=== THE TASK ===
Line by line, set down all the data below exactly, omitting any picture.

Records excerpted from a collection
BEGIN
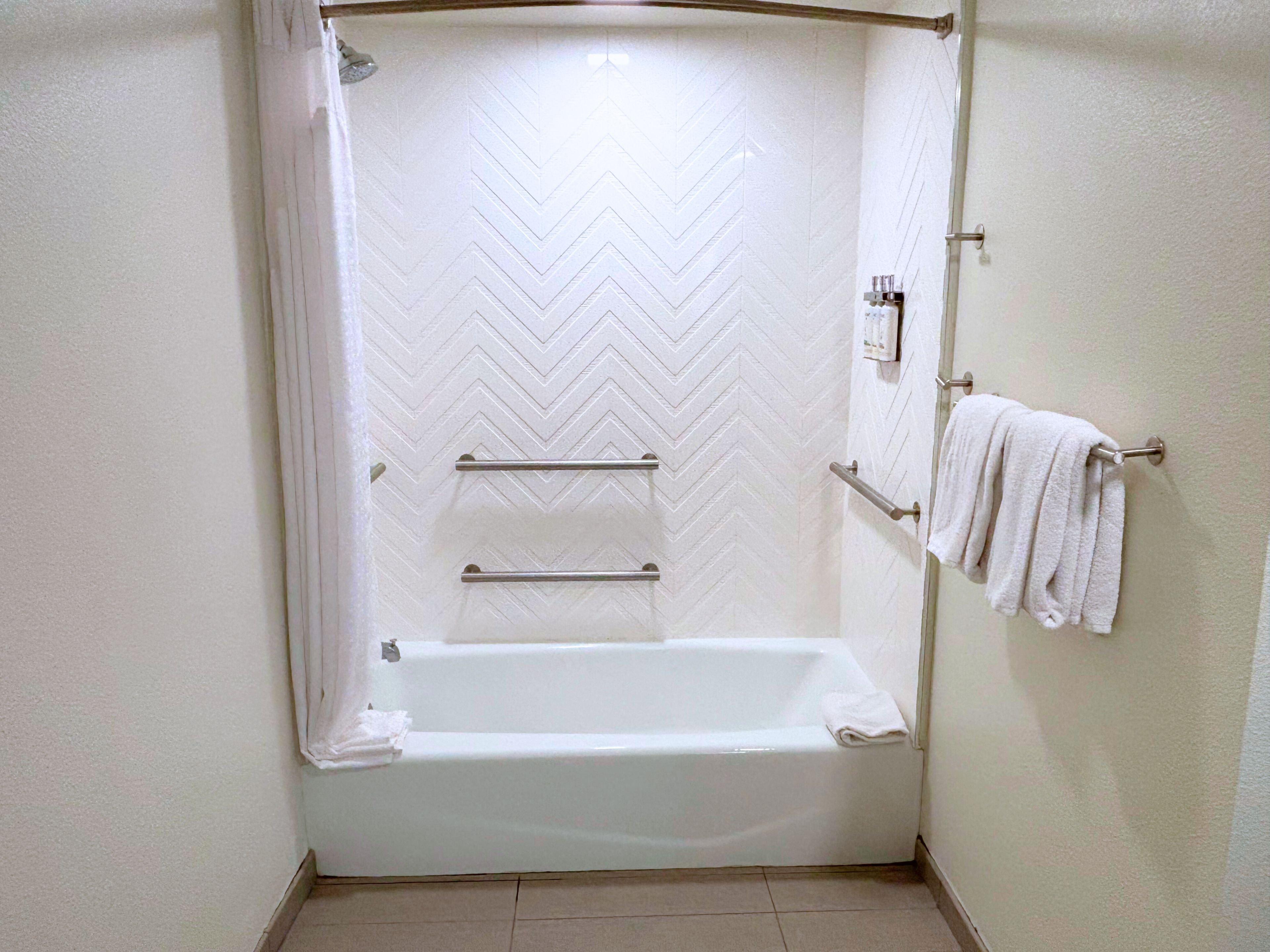 Suite Accessible King Size Bed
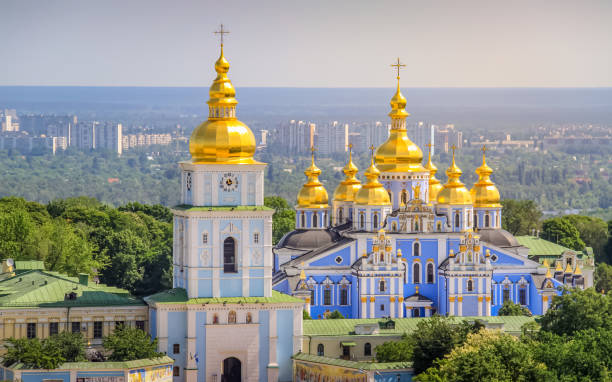 monastero di san michele dalle cupole dorate vista ad alto angolo, kiev - ucraina - kyiv orthodox church dome monastery foto e immagini stock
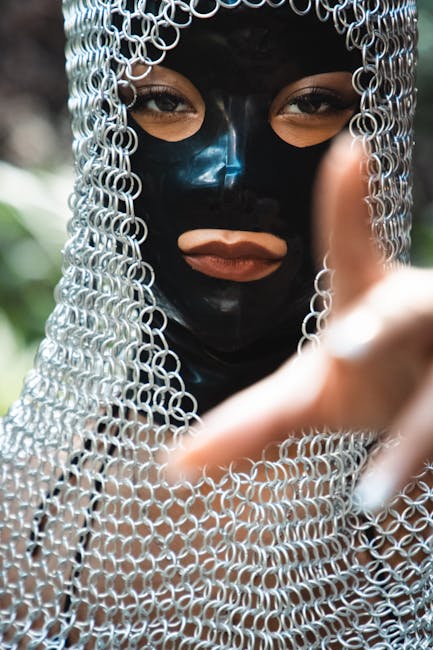 Persona con maschera in lattice e cotta di maglia che indica, metafora apprendimento unico e approcci alternativi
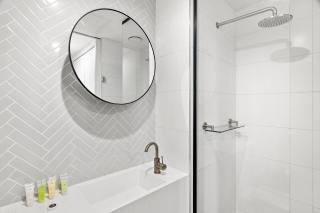 Lavish 2-Bedroom City Apartment with Pool, Sauna, Gym - Melbourne - 2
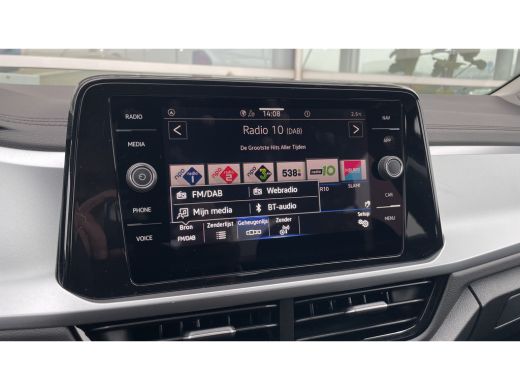 Volkswagen T-Roc 116PK | NAVI | Camera | 19'' Velgen | LED IQ light | Airco ECC | Draadloos App ActivLease financial lease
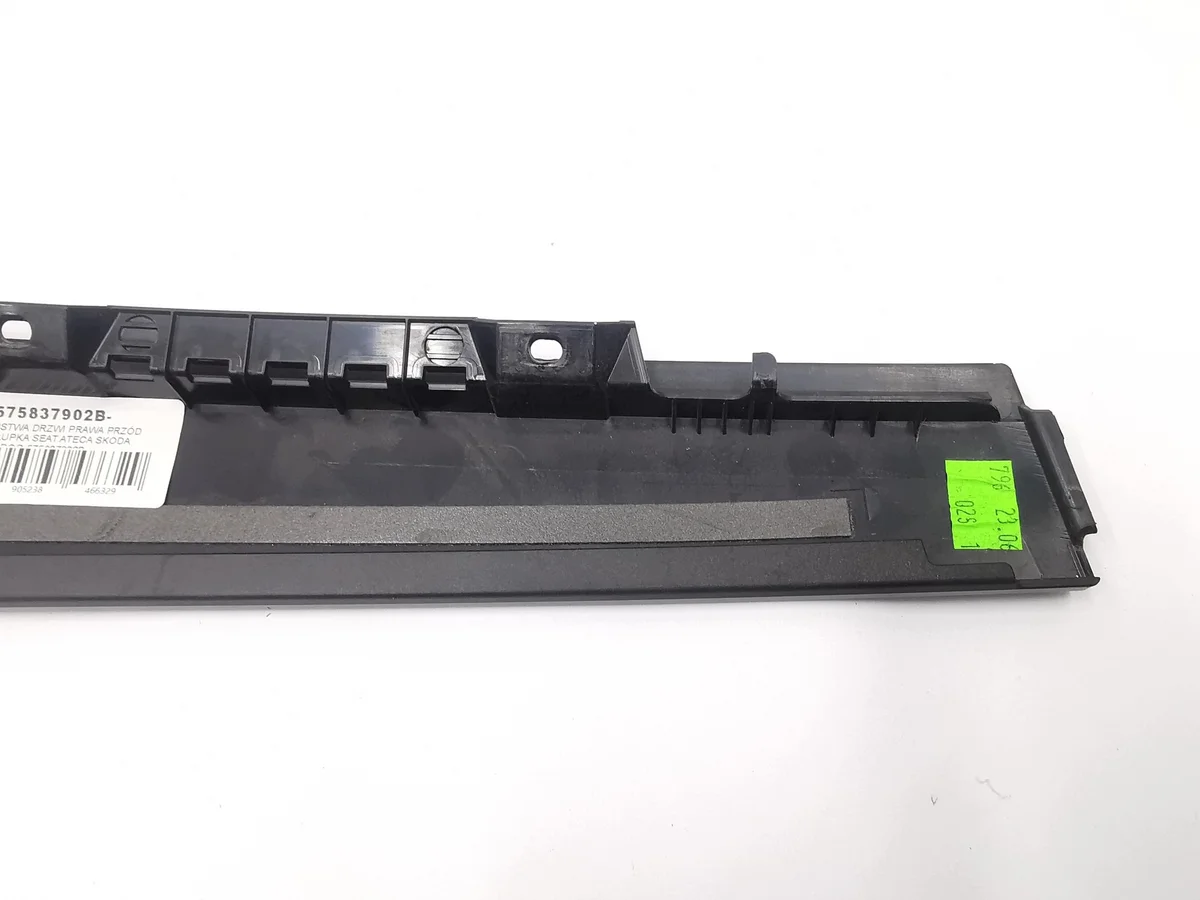 Listv dörr höger fram Seat Ateca Skoda Karoq 575837902B image 7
END
=== RESPONSE TO THE EXERCISE ===
 Suite Accessible King Size Bed
 monastero di san michele dalle cupole dorate vista ad alto angolo, kiev - ucraina - kyiv orthodox church dome monastery foto e immagini stock
 Persona con maschera in lattice e cotta di maglia che indica, metafora apprendimento unico e approcci alternativi
 Lavish 2-Bedroom City Apartment with Pool, Sauna, Gym - Melbourne - 2
 Volkswagen T-Roc 116PK | NAVI | Camera | 19'' Velgen | LED IQ light | Airco ECC | Draadloos App ActivLease financial lease
 Listv dörr höger fram Seat Ateca Skoda Karoq 575837902B image 7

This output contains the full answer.